Он протянул руку и слегка коснулся пальцами моего лба. И от этого жеста, от всего, что со мной произошло, со дна моей души поднялась горячая волна благодарности к этому человеку. Мне вдруг страстно захотелось схватить его руку и прижаться к ней губами, смотреть и смотреть в его участливые карие глаза. В его присутствии все мои недавние страхи безумия вдруг рассеялись, потеряли реальность, унеслись назад, чтобы больше не возвращаться.
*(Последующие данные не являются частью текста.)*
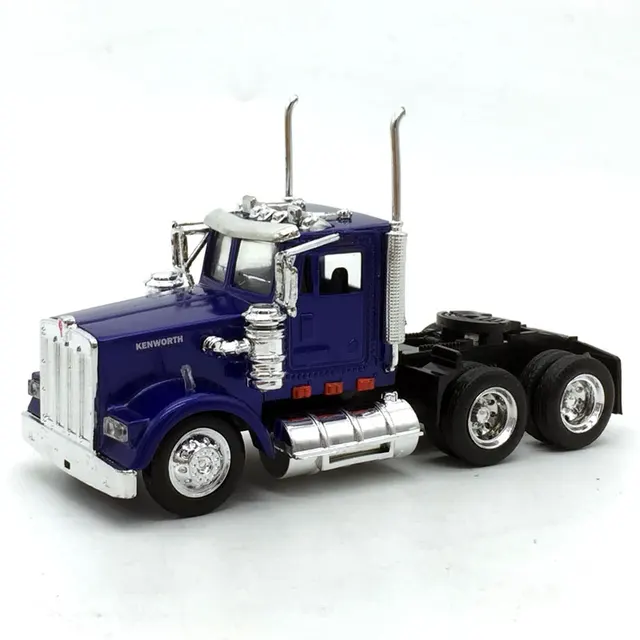 Details about   Kenworth W900 With Farm Tractor 1:43 Scale 17" Diecast By New Ray Toy Blue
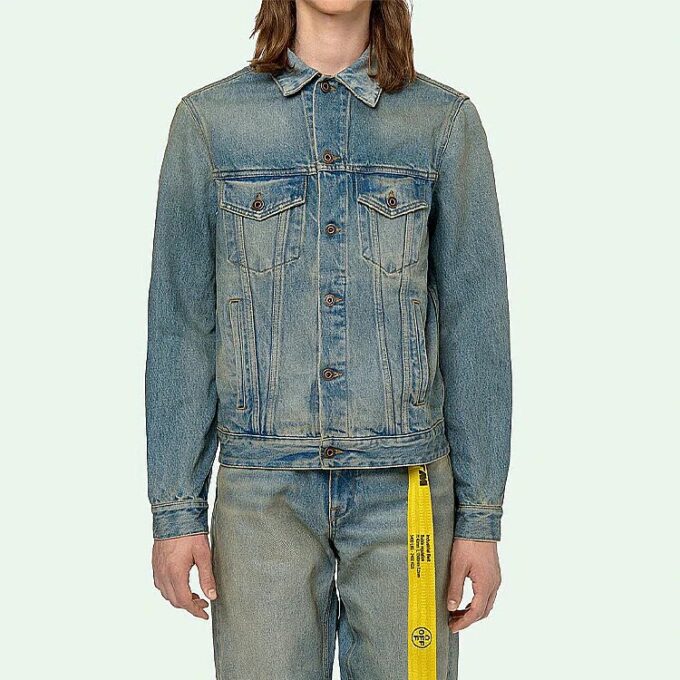 Arrow Denim Jacket Denim Blue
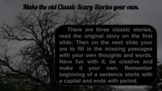 Halloween Activity: Making the old classic scary stories y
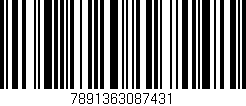 Código de barras (EAN, GTIN, SKU, ISBN): '7891363087431'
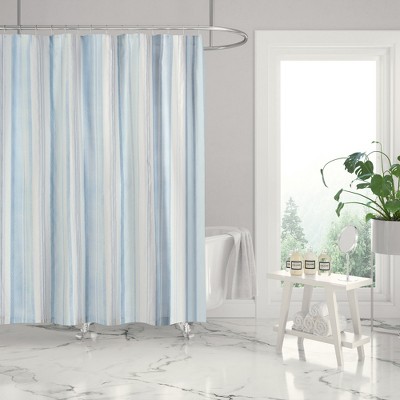 Standard Blue and Cream Cotton Nautical Tub Curtain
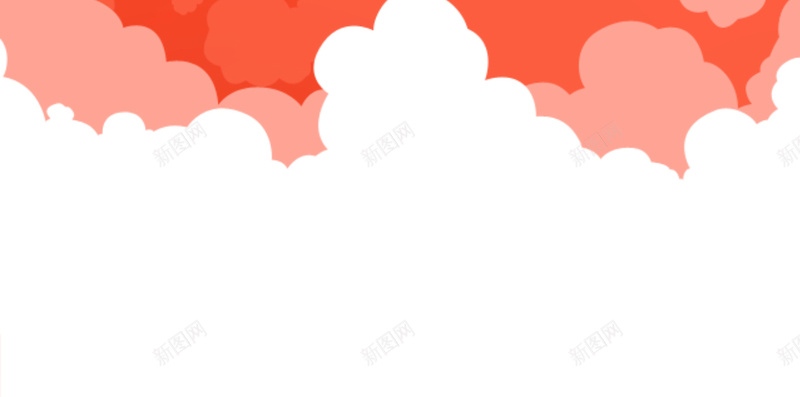 红色扁平H5背景jpg设计背景_新图网 https://ixintu.com 红色 扁平 几何 云朵 渐变 H5背景 H5 h5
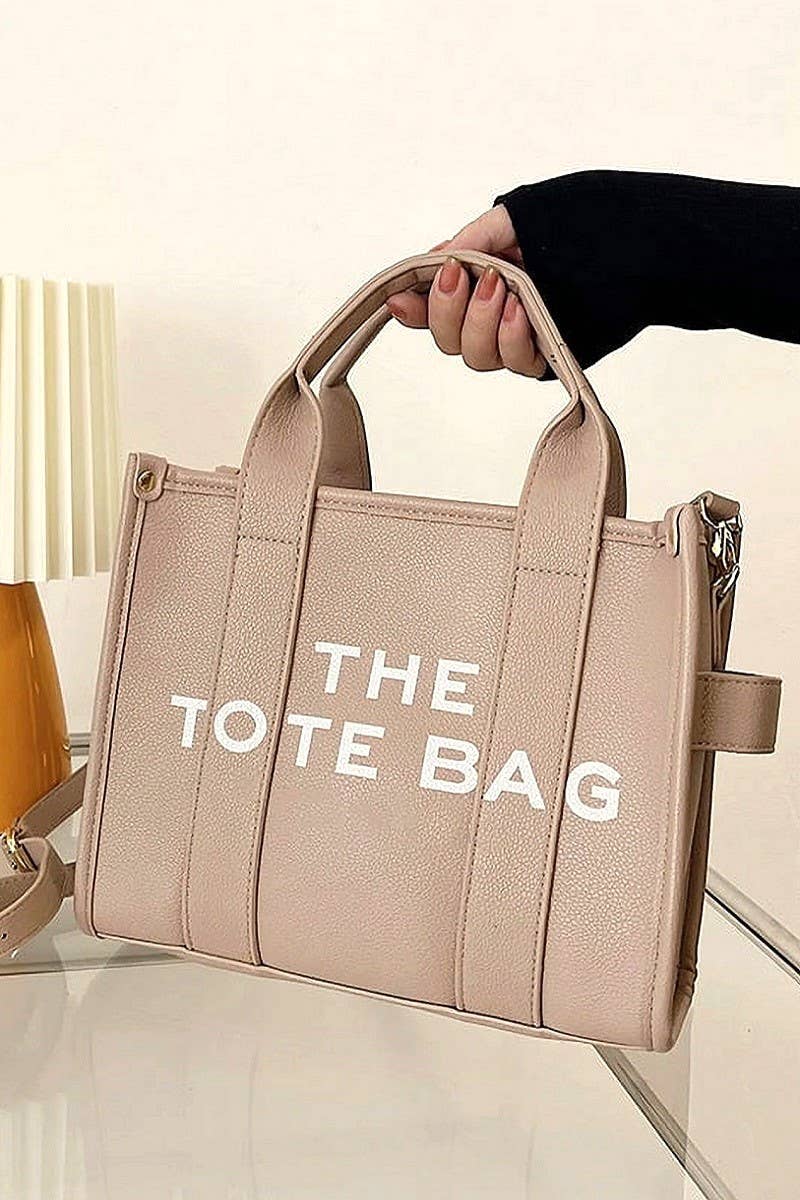 The Tote Bag w/ Shoulder Strap: FUCHSIA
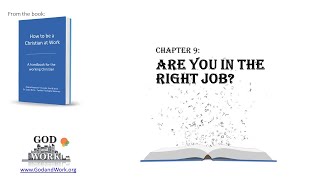 Study Guide Chapter 9: Are You in the Right Job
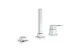 Смеситель для ванны Grohe Eurocube 19966000 АКВАМЕТРИЯ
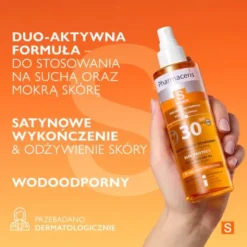 Pharmaceris S, suchy olejek ochronny do ciała, SPF 30, 200 ml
— Как вы себя чувствуете? — спросил доктор.
— О, теперь прекрасно! — с неожиданным для меня самого жаром ответил я и почувствовал, что если бы я даже умирал сейчас, я бы все равно не захотел огорчить этого человека.
— Надеюсь, вы простите меня за слегка покровительственный тон, — сказал доктор, — но все-таки я ведь старше вас. — Должно быть, он заметил мой недоверчивый взгляд, потому что добавил: — И не на год или два. Я старше вас, мистер Дики, на двадцать один год. Вам, если я не ошибаюсь, тридцать шесть, а мне в мае исполнилось пятьдесят семь.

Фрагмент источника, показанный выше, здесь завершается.